**Supplied material:**
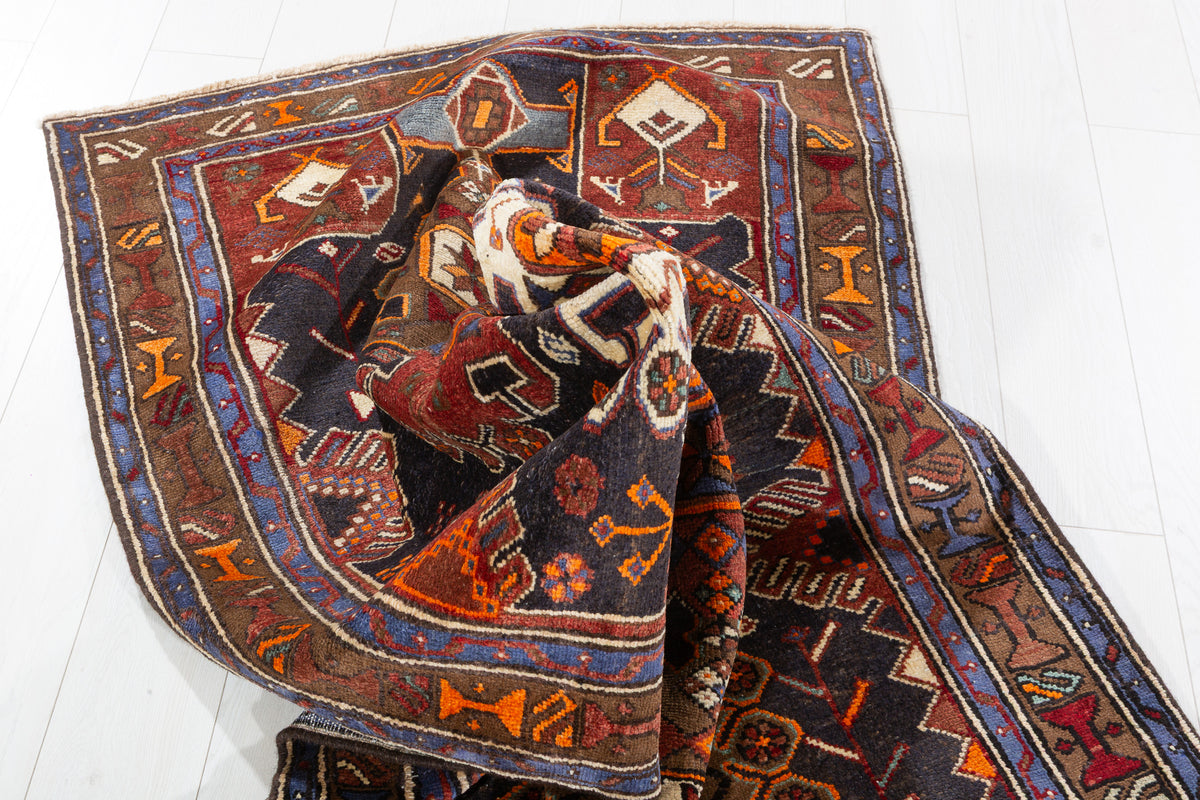 Vintage Geometric Medallion Runner Rug, Navy Blue & Rust Red – 7' 9" x 3' 7" (236 x 108 cm)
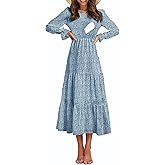 CzzzyL Women's Nursing Dress Flounces Long Sleeve Crew Neck Smocked Bodice Ruched Elastic Waist Tiered Midi with Pockets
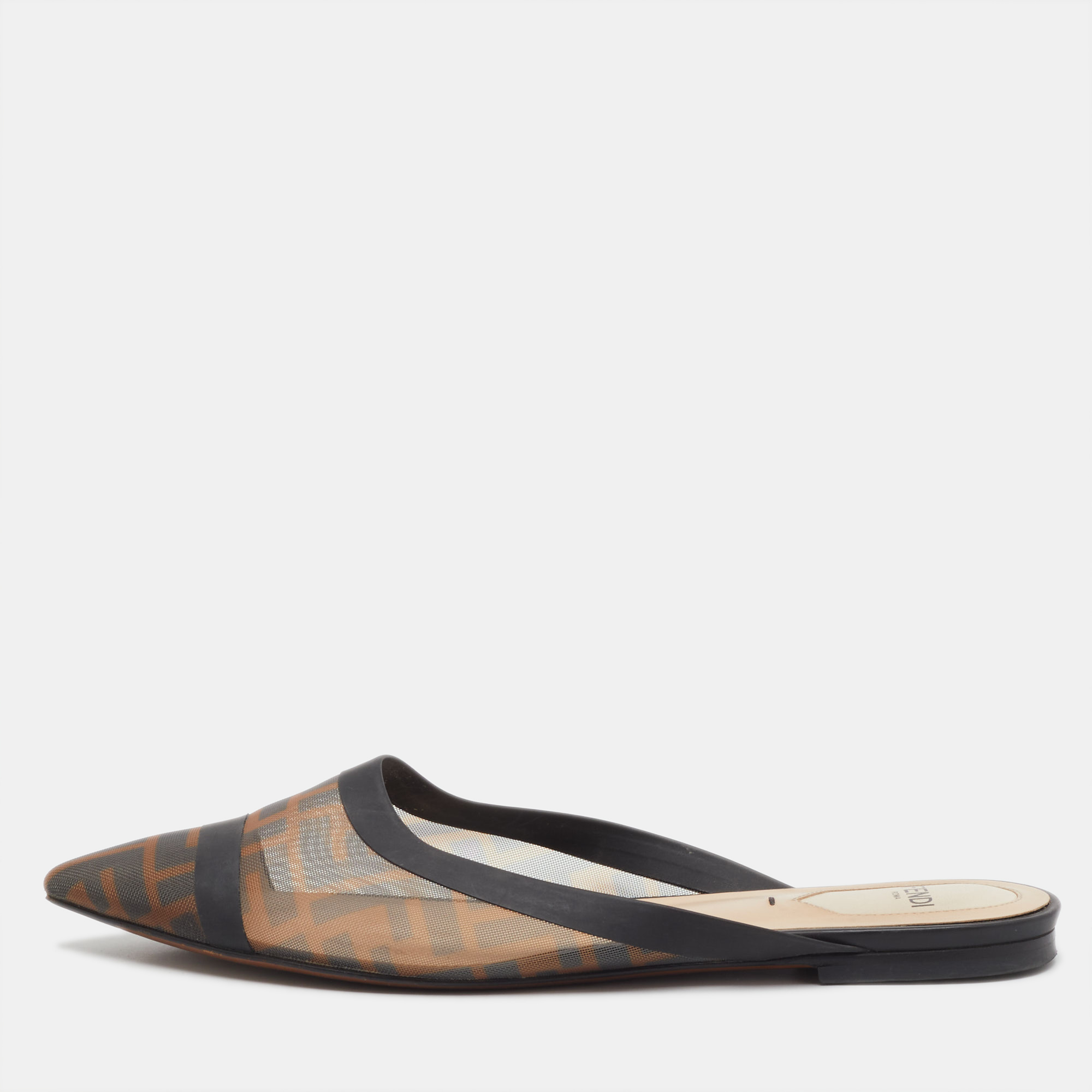

Fendi Tobacco FF Logo Print Mesh Colibri Flat Mules Size, Brown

**What is needed:** Would you copy out the data exactly, leaving every picture out?

**Task result:**
 Vintage Geometric Medallion Runner Rug, Navy Blue & Rust Red – 7' 9" x 3' 7" (236 x 108 cm)
 CzzzyL Women's Nursing Dress Flounces Long Sleeve Crew Neck Smocked Bodice Ruched Elastic Waist Tiered Midi with Pockets

Fendi Tobacco FF Logo Print Mesh Colibri Flat Mules Size, Brown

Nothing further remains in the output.